Colloid cysts, estimated to affect about three in every million people, are rare growths, typically located near the center of the brain, that are probably present at birth, according to Medscape. They account for fewer than 1 percent of brain tumors; most are found incidentally in adults between the ages of 30 and 60 and many don’t cause problems — or symptoms — unless they become too large and cause obstructive hydocephalus.
In Harms’s case, the pressure on his brain was so elevated, according to his medical records, that “the [cerebrospinal fluid] literally ejected from the top of the catheter in a projectile stream of approximately 6 cm high.”
Three days after the shunt procedure, Harms was transferred to Hopkins. He spent the next 15 days there, undergoing two surgeries, the first of which was aborted because the cyst could not be extracted safely.
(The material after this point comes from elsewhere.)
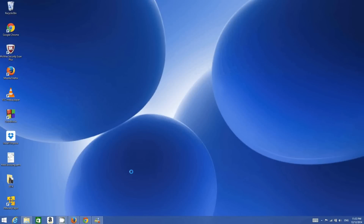Hello guys, in this video I'm going to show you how you can download and install Ubuntu operating system on your Windows 8 or Windows 8.1 using VMware Player. Hopefully you have VMware Player installed on your Windows operating system. If you don't, I will put the link so that you can click and see how you can download and install VMware Player.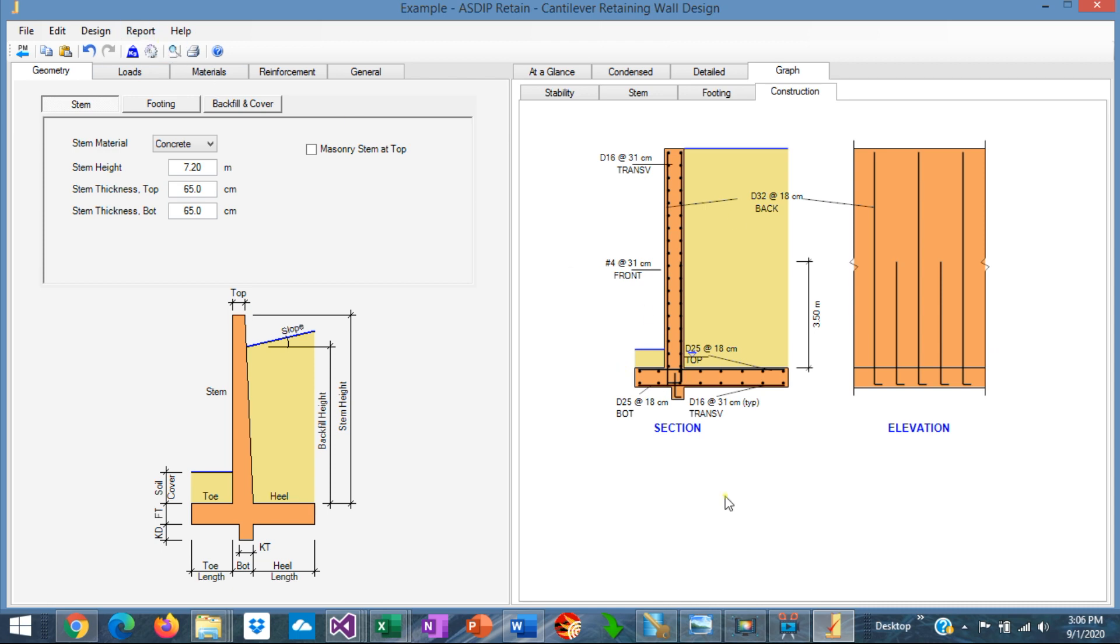With this, we conclude the presentation of this cantilever retaining wall example in metric SI units. Please subscribe to the channel if you want to receive notifications in the future of similar videos. Thank you very much for your attention.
The operation was particularly difficult, said neurosurgeon Daniele Rigamonti, who led a team of specialists, because Harms’s cyst, roughly the size of a marble, was hard and fibrous, and could not be removed easily. The surgical team had to balance a desire to excise the cyst with the risk of seriously damaging Harms’s memory.
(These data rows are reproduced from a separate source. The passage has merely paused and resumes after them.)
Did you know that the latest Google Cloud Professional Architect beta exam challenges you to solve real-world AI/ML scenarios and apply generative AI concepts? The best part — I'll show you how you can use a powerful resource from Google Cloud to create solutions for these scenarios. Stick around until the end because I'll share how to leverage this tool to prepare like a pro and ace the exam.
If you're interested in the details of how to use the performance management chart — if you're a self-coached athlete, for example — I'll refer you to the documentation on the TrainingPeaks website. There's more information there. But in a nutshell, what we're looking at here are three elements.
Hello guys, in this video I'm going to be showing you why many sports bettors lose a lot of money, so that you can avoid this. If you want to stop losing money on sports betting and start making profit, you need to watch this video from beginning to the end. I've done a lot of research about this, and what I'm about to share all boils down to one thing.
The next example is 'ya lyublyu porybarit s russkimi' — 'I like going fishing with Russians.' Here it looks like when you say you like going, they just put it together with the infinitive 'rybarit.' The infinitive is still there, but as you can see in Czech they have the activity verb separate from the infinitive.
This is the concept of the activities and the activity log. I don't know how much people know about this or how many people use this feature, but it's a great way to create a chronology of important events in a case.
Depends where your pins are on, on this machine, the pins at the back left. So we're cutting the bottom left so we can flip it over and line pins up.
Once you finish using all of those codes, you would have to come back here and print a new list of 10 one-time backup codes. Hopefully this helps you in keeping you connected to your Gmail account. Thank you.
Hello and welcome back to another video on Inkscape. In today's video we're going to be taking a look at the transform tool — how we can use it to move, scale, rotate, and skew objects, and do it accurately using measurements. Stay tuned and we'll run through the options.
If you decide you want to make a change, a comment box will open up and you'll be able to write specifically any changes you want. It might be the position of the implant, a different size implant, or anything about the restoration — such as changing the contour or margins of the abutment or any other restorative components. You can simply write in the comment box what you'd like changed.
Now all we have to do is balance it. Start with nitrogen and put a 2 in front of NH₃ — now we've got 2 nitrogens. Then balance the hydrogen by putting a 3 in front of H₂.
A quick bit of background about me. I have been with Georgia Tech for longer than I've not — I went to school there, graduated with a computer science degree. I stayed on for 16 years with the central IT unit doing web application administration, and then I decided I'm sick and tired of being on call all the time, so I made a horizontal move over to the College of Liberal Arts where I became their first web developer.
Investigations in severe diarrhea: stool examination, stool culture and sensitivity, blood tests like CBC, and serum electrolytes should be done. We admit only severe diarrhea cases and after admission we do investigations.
“You have to be extremely careful,” said Rigamonti, a professor of neurosurgery, because one false move could “be a disaster.”
Rigamonti said he was not surprised that the doctors Harms consulted for more than a year before seeing a neurosurgeon missed the cyst; his most prominent symptoms — fatigue and headache — usually have much more prosaic causes.
“A colloid cyst is a fairly rare condition,” said Rigamonti, who has treated about 25 cases during his career. Harms said he wishes that his doctors had not been so quick to attribute his symptoms to stress or his ballooning weight, which was a sign of the metabolic problems caused by the cyst, and that they had ordered a CT scan earlier.
Although his surgery was a success, Harms’s recovery has taken longer than he anticipated. He subsequently developed seizures, which he manages with medication.
“The most difficult thing to adjust to is that my recovery is going to take a long time,” said Harms, who is still on track to complete his doctorate. “You don’t come out as spry — you reach a new normal.” His close friendship with another brain tumor patient and work with a colloid cyst survivors group on Facebook has been invaluable in his recovery, Harm added.
“A brain tumor is not a death sentence,” he said. “What is a death sentence is ignoring it. Don’t give up when you know something is wrong.”